(About this task): Output all of the listing, leaving every line exactly as written.

(Provided material):
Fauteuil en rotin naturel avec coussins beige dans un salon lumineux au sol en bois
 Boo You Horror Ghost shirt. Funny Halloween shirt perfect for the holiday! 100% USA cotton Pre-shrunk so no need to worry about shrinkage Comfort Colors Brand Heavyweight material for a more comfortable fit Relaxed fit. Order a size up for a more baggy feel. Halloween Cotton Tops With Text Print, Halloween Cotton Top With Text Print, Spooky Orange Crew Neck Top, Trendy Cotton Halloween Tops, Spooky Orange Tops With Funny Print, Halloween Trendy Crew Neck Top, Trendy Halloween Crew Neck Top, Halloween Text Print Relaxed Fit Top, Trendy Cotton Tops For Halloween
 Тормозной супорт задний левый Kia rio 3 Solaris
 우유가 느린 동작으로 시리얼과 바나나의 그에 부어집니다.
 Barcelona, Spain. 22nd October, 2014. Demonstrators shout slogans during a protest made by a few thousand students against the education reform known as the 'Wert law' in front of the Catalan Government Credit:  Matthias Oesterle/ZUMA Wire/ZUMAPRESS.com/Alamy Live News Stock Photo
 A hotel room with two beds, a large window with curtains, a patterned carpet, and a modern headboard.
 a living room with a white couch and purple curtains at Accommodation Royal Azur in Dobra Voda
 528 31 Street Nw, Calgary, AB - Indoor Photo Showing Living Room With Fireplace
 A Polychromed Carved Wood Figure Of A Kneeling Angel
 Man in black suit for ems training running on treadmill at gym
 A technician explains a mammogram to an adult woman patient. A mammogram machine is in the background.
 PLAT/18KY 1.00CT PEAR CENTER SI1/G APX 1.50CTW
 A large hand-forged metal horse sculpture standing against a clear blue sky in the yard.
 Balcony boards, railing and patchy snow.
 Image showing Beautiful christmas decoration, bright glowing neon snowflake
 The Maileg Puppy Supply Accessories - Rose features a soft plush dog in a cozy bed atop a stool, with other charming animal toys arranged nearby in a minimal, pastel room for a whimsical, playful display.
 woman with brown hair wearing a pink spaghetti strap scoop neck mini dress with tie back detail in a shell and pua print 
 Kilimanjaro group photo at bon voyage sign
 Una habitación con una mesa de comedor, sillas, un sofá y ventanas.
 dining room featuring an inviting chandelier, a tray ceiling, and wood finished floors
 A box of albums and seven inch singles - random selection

(Result of the exercise):
Fauteuil en rotin naturel avec coussins beige dans un salon lumineux au sol en bois
 Boo You Horror Ghost shirt. Funny Halloween shirt perfect for the holiday! 100% USA cotton Pre-shrunk so no need to worry about shrinkage Comfort Colors Brand Heavyweight material for a more comfortable fit Relaxed fit. Order a size up for a more baggy feel. Halloween Cotton Tops With Text Print, Halloween Cotton Top With Text Print, Spooky Orange Crew Neck Top, Trendy Cotton Halloween Tops, Spooky Orange Tops With Funny Print, Halloween Trendy Crew Neck Top, Trendy Halloween Crew Neck Top, Halloween Text Print Relaxed Fit Top, Trendy Cotton Tops For Halloween
 Тормозной супорт задний левый Kia rio 3 Solaris
 우유가 느린 동작으로 시리얼과 바나나의 그에 부어집니다.
 Barcelona, Spain. 22nd October, 2014. Demonstrators shout slogans during a protest made by a few thousand students against the education reform known as the 'Wert law' in front of the Catalan Government Credit:  Matthias Oesterle/ZUMA Wire/ZUMAPRESS.com/Alamy Live News Stock Photo
 A hotel room with two beds, a large window with curtains, a patterned carpet, and a modern headboard.
 a living room with a white couch and purple curtains at Accommodation Royal Azur in Dobra Voda
 528 31 Street Nw, Calgary, AB - Indoor Photo Showing Living Room With Fireplace
 A Polychromed Carved Wood Figure Of A Kneeling Angel
 Man in black suit for ems training running on treadmill at gym
 A technician explains a mammogram to an adult woman patient. A mammogram machine is in the background.
 PLAT/18KY 1.00CT PEAR CENTER SI1/G APX 1.50CTW
 A large hand-forged metal horse sculpture standing against a clear blue sky in the yard.
 Balcony boards, railing and patchy snow.
 Image showing Beautiful christmas decoration, bright glowing neon snowflake
 The Maileg Puppy Supply Accessories - Rose features a soft plush dog in a cozy bed atop a stool, with other charming animal toys arranged nearby in a minimal, pastel room for a whimsical, playful display.
 woman with brown hair wearing a pink spaghetti strap scoop neck mini dress with tie back detail in a shell and pua print 
 Kilimanjaro group photo at bon voyage sign
 Una habitación con una mesa de comedor, sillas, un sofá y ventanas.
 dining room featuring an inviting chandelier, a tray ceiling, and wood finished floors
 A box of albums and seven inch singles - random selection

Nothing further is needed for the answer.